La luz, ¿qué duda podía caber?, provenía de esa maravillosa niña. Una luz que no se apagó ni languideció en las pruebas más difíciles a las que puede ser sometido un ser humano, durante más de cuatro largos años.
Porque Charlotte era una personalidad luminosa. Su mirada -¡tan singular!-, su sonrisa, sus reflexiones, su sola presencia, iluminaban el lugar donde se encontrara.
En los últimos diez años compartimos infinidad de vivencias. Algunas plenas de encanto: presentar juntos el libro en el Centro Sefarad Israel de Madrid, o saludarla por televisión desde Roma el día de su cumpleaños, que coincidió con un programa en vivo de la RAI sobre el libro, o ver los jóvenes que colmaban el inmenso Parlamento de Rumania con el libro en la mano, emocionados al ver a Charlotte en la pantalla. Otras, todo lo contrario. Al sufrir juntos las terribles e incomprensibles contradicciones a las que nuestro mundo actual nos somete: almorzábamos juntos el pasado 7 de octubre, acompañados por nuestras familias, cuando las noticias comenzaron a llegar…
En verdad, llegamos a ser una sola familia. Los Grünberg-Long. Así lo expresábamos y así lo sentimos. Mucho más allá de las palabras.
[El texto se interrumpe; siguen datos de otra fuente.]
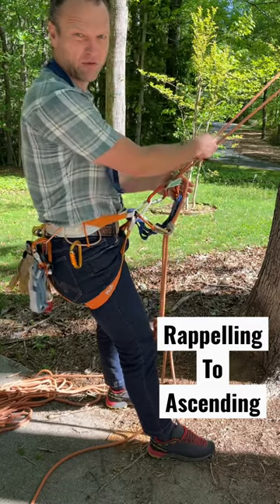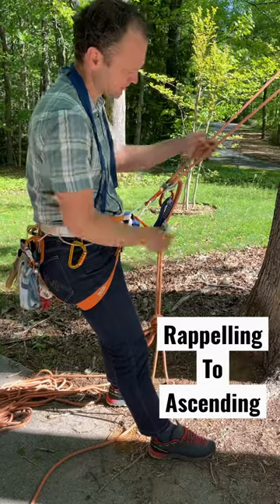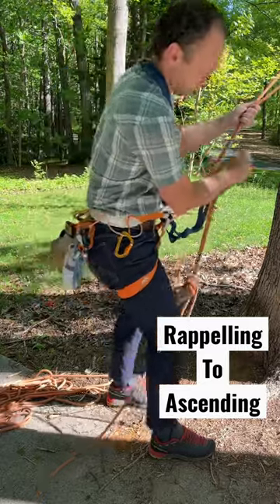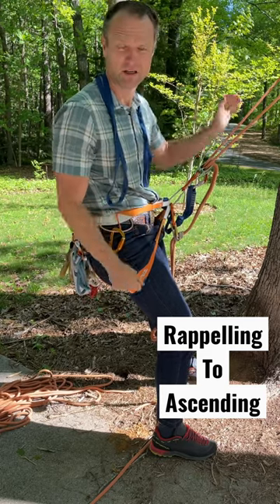Rope will not come back out through and allow me to lower anymore, no matter how hard I weight it. But I can pull rope through on an ascend. I can also build different systems to help haul myself up as well.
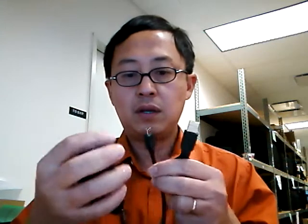Hi, today I'm going to show you how to connect a USB adapter and drive from your computer to perform data transfer. First, identify this cable and use the smaller end to connect to the adapter.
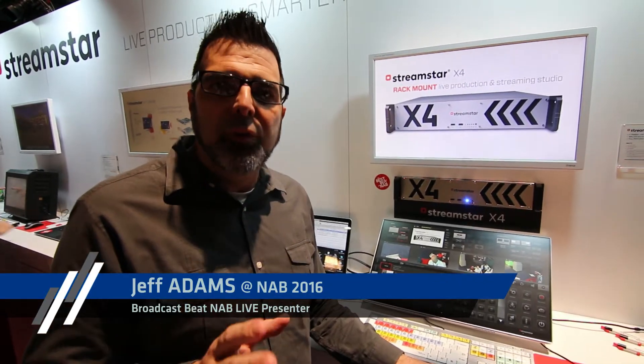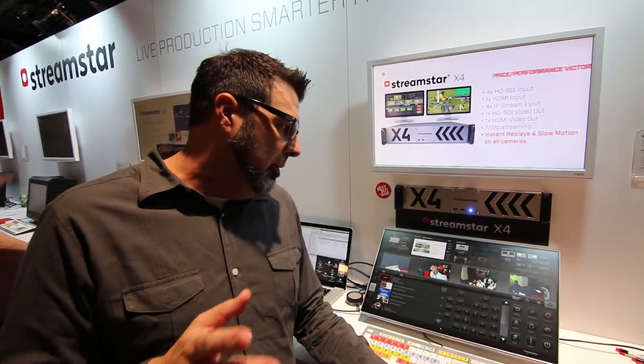Hey, it's Chef Adams with Broadcast Beat and AB Live. I'm here at the Streamstar booth right now, and let me tell you, I've been all over the place doing product reviews with video switchers, and hands down this is the most affordable, reliable solution that you can possibly have.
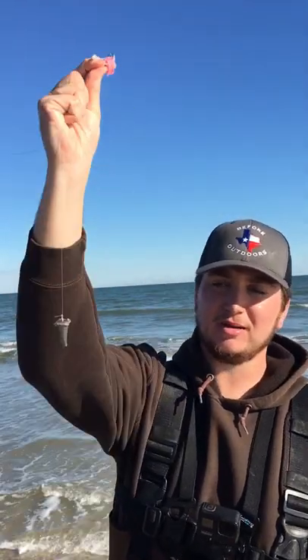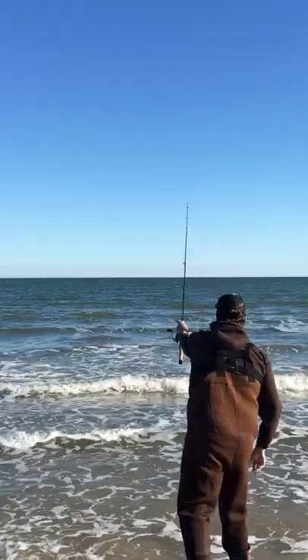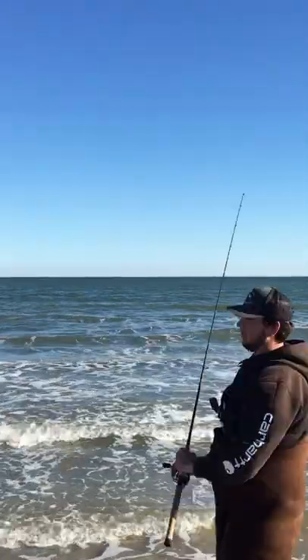Let me show y'all the number one way to catch a fish in pretty much any body of salt water. Little bitty hook, little bitty weight, little piece of shrimp. And we wait — shouldn't take long.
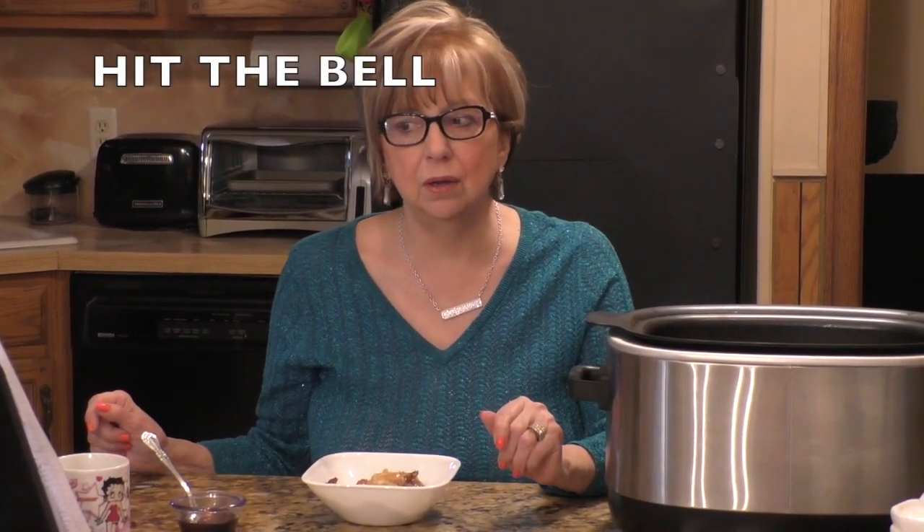Just before I start eating, I want to remind you all that if you like this recipe and this video, don't forget to hit that subscribe button and the little bell next to it — because if you don't hit the bell, YouTube won't send you a notification and you may never see me again. This was a collab with Lynn from Cool Gray. When this video is over, look in the description box below and click on her link. Tell her that Dolores the Baking Diva sent you!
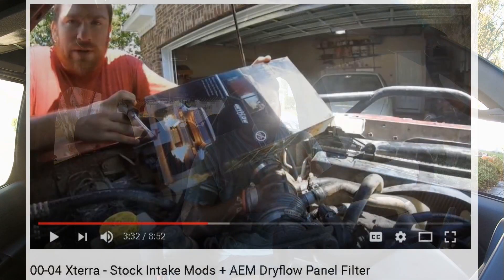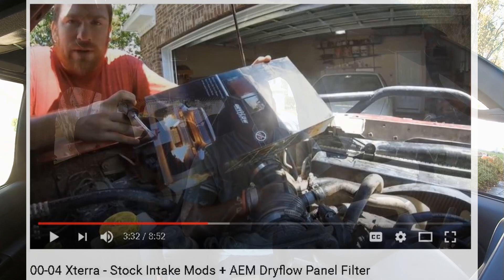Tip number five: go for the stock air box mod. I don't recommend a cold air intake with an open element filter, especially if you're going to be in the mud or off-roading. The stock air box protects from those elements and you can also modify it to breathe easier for better airflow and a nice engine growl. Whether that really results in usable horsepower who knows, but it's fun to tinker with so I definitely recommend giving it a try.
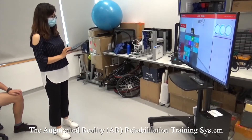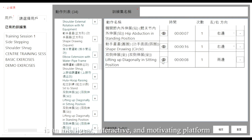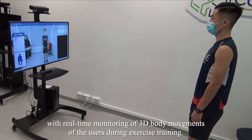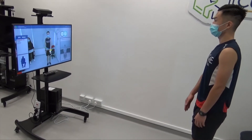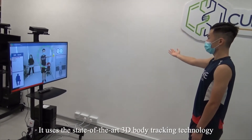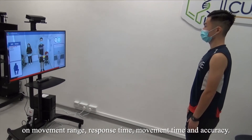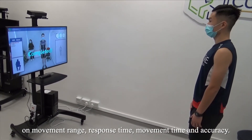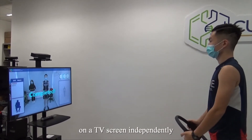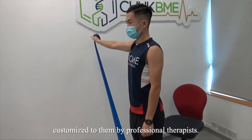The Augmented Reality AR Rehabilitation Training System is an intelligent, interactive and motivating platform with real-time monitoring of 3D body movements of the users during exercise training. It uses state-of-the-art 3D body tracking technology to provide objective, accurate and comprehensive data on movement range, response time, movement time and accuracy. Users can follow the exercise program on the therapy screen independently, with their training schedules and routines customized to them by professional therapists.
En lo profundo de nuestros corazones.
John F. Kennedy dijo una vez, en un homenaje al notable poeta Robert Frost, que «una nación se revela a sí misma no solo por las personas a las que da origen, sino asimismo por las personas que honra y que recuerda». En estos días tristes, silenciosos, en los que la voz ausente de Charlotte parece embargarlo todo, hemos vivido innumerables testimonios, pequeñas historias, anécdotas, emociones compartidas, que no nos dejan duda de que este país -que ella quiso tanto y del que se encontraba muy orgullosa-, la va a honrar y recordar por siempre.
Porque su vida fue una síntesis del pensar y del sentir del vate de Vermont, cuyo maravilloso poema The Road Not Taken, El camino menos transitado, finaliza de este modo:
dos caminos se abrían en un bosque, y yo…
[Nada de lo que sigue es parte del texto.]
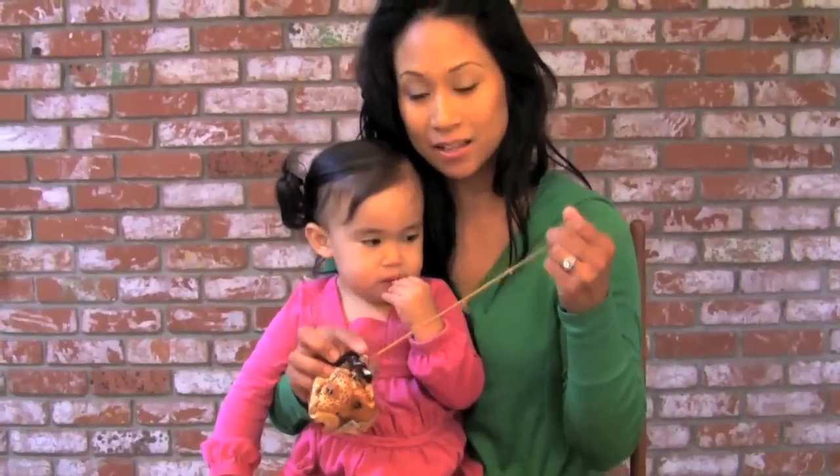Voila! Lightweight. Throw it in your bag. Easy to carry. And the little ones can't get inside it, so it's not going to spill.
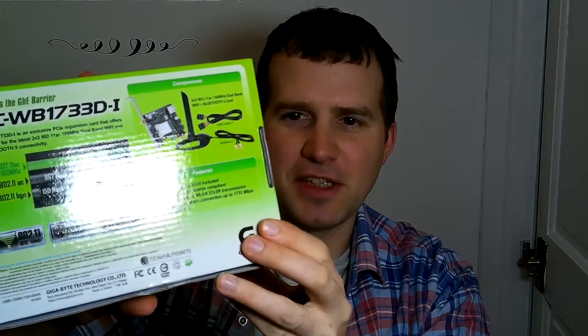Typical box with the usual rating information. Nothing much on the back. It says what's included: the PCIe card, a USB cable — I'll explain more on that one — and the antenna. The antenna, as far as I'm aware, is magnetic.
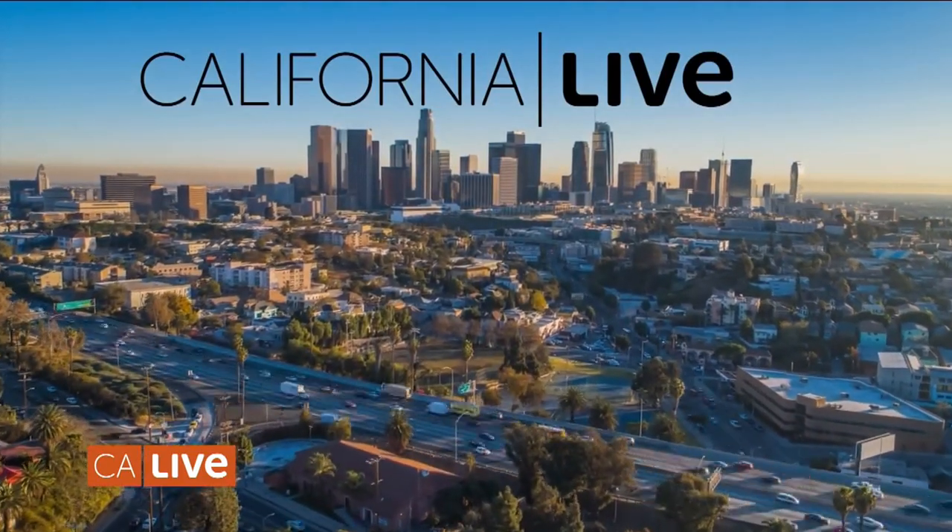Welcome back to California Live. When it comes to cooler weather and comfort foods, few dishes can compare to chicken pot pie. Helping us learn how to bake this flaky fall treat is John Cannell, author of the new cookbook Preppy Kitchen: Recipes for Seasonal Dishes and Simple Pleasures. Welcome, John. Thank you for having me. Congratulations on the new cookbook. And chicken pot pie for fall — so where do we start?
yo tomé el menos transitado,
y eso ha hecho toda la diferencia.
Quien asimismo nos enseñara que las cicatrices son recordatorios de donde hemos estado, pero no dictan hasta dónde podemos ir. Y que ya sobre el final de sus días nos confesara que podía resumir en tres palabras cuanto había aprendido de la vida: Sigue siempre adelante.
Sí, Charlotte, tú fuiste capaz de elegir el camino menos transitado, y de seguir siempre adelante. Sin que tus cicatrices -memorables cicatrices- te dictaran hasta dónde podías llegar.
Es por ello que tu luz nos iluminará por siempre.